(Stored data)

········

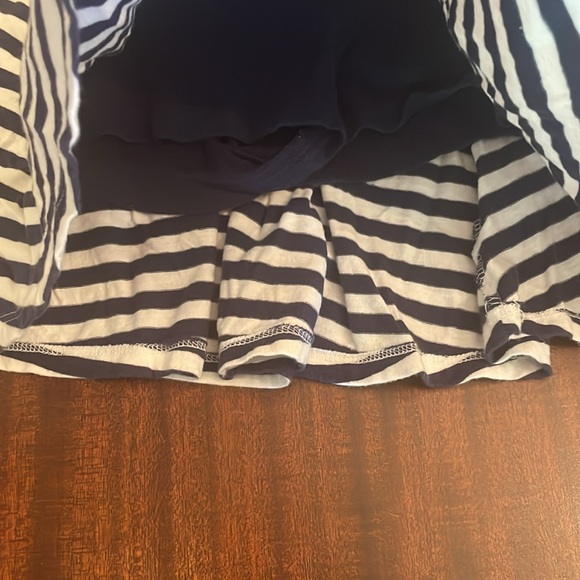 Old Navy Blue and White Striped Skirt with attached brief shorts; Size S (6-7) - Picture 3 of 3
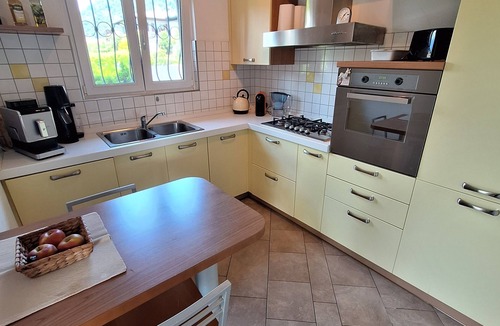 Maccagno House | La Tramontana, detached vacation home with beautiful garden close to the lake
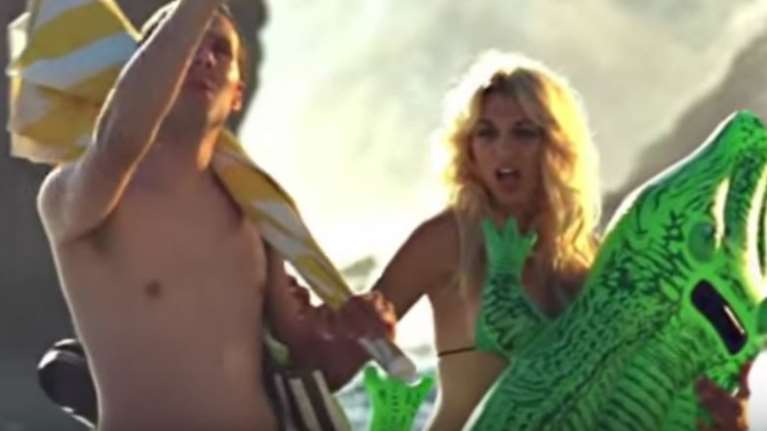 Οταν Σπυροπούλου και Μπόσνιακ έπαιζαν μαζί σε διαφήμιση. Την θυμάστε;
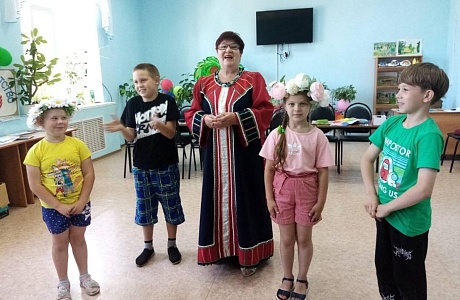 6 июля в детском секторе РДК прошла конкурсно - игровая программа «Волшебный цветок» для детей, посещающих  Д.О.Л. «Малышок» МОУ СОШ №1 р.п.Колышлей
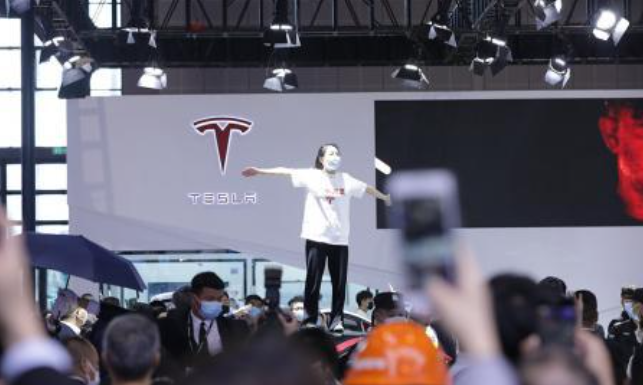 Imaginea articolului Proprietarii de Tesla din China protestează faţă de reducerile pe care le-au ratat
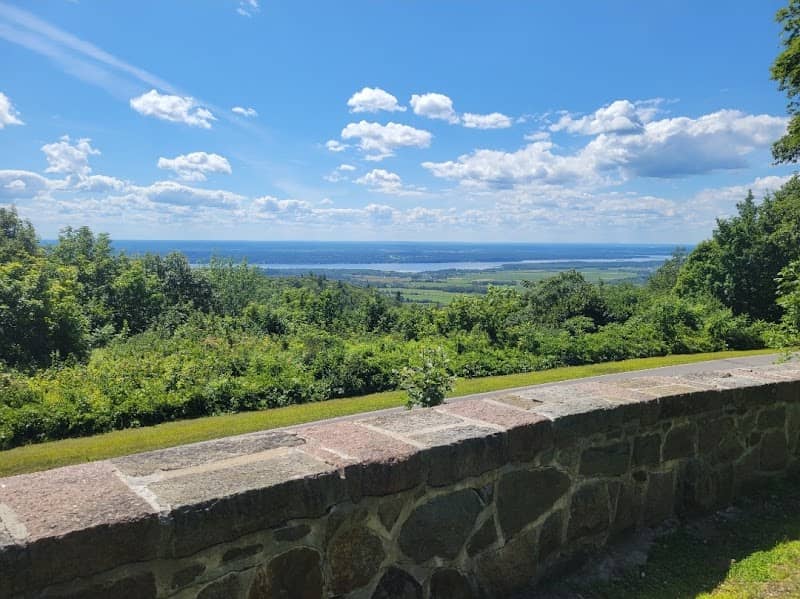 Étienne-Brûlé Lookout - Image 1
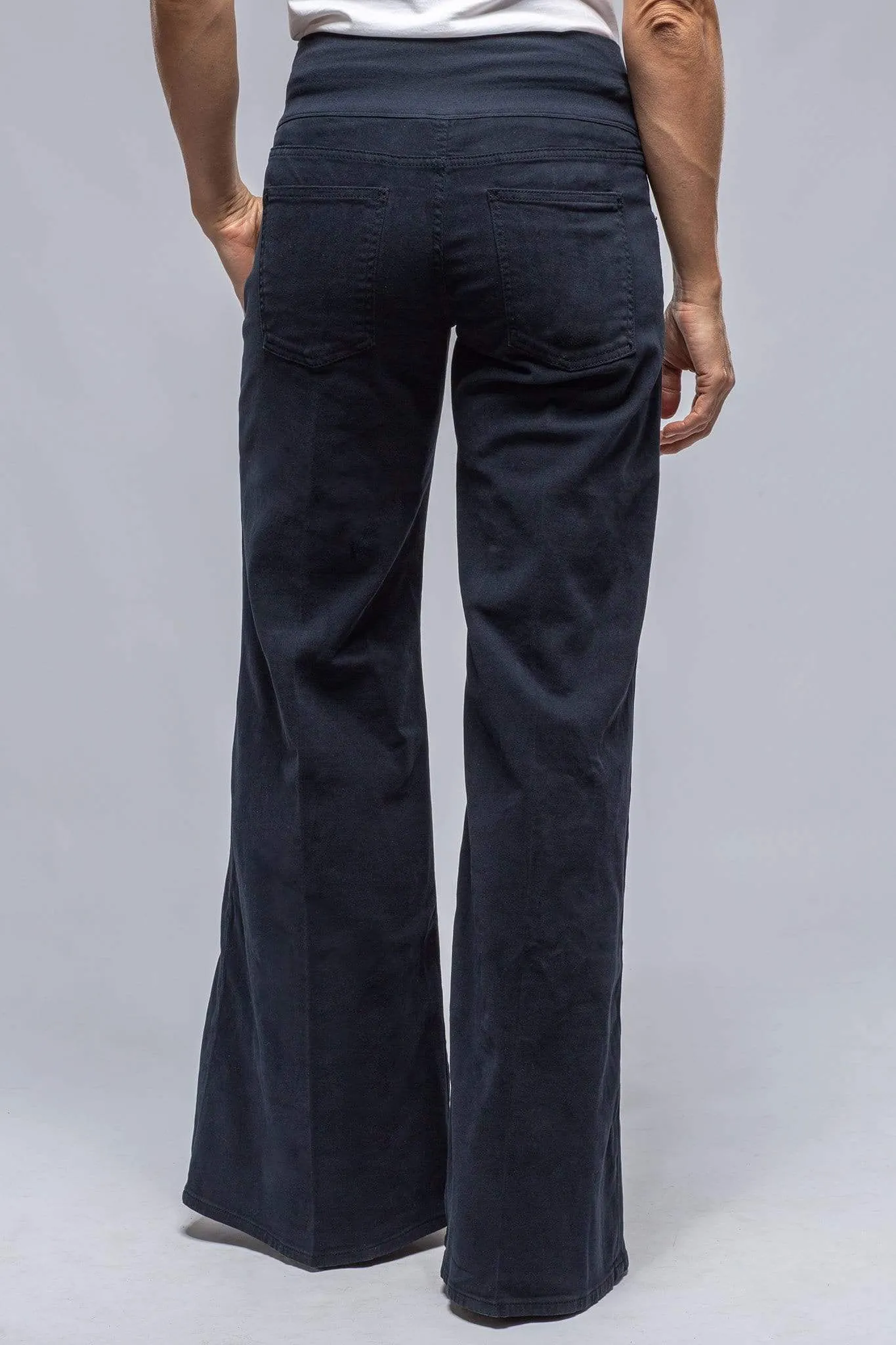 Cara Wide Leg Cotton Pant In Navy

········

__REQUIRED ACTION__. The records above must be printed exactly; the pictures stay out.

__REPLY TO THE EXERCISE__.
 Old Navy Blue and White Striped Skirt with attached brief shorts; Size S (6-7) - Picture 3 of 3
 Maccagno House | La Tramontana, detached vacation home with beautiful garden close to the lake
 Οταν Σπυροπούλου και Μπόσνιακ έπαιζαν μαζί σε διαφήμιση. Την θυμάστε;
 6 июля в детском секторе РДК прошла конкурсно - игровая программа «Волшебный цветок» для детей, посещающих  Д.О.Л. «Малышок» МОУ СОШ №1 р.п.Колышлей
 Imaginea articolului Proprietarii de Tesla din China protestează faţă de reducerile pe care le-au ratat
 Étienne-Brûlé Lookout - Image 1
 Cara Wide Leg Cotton Pant In Navy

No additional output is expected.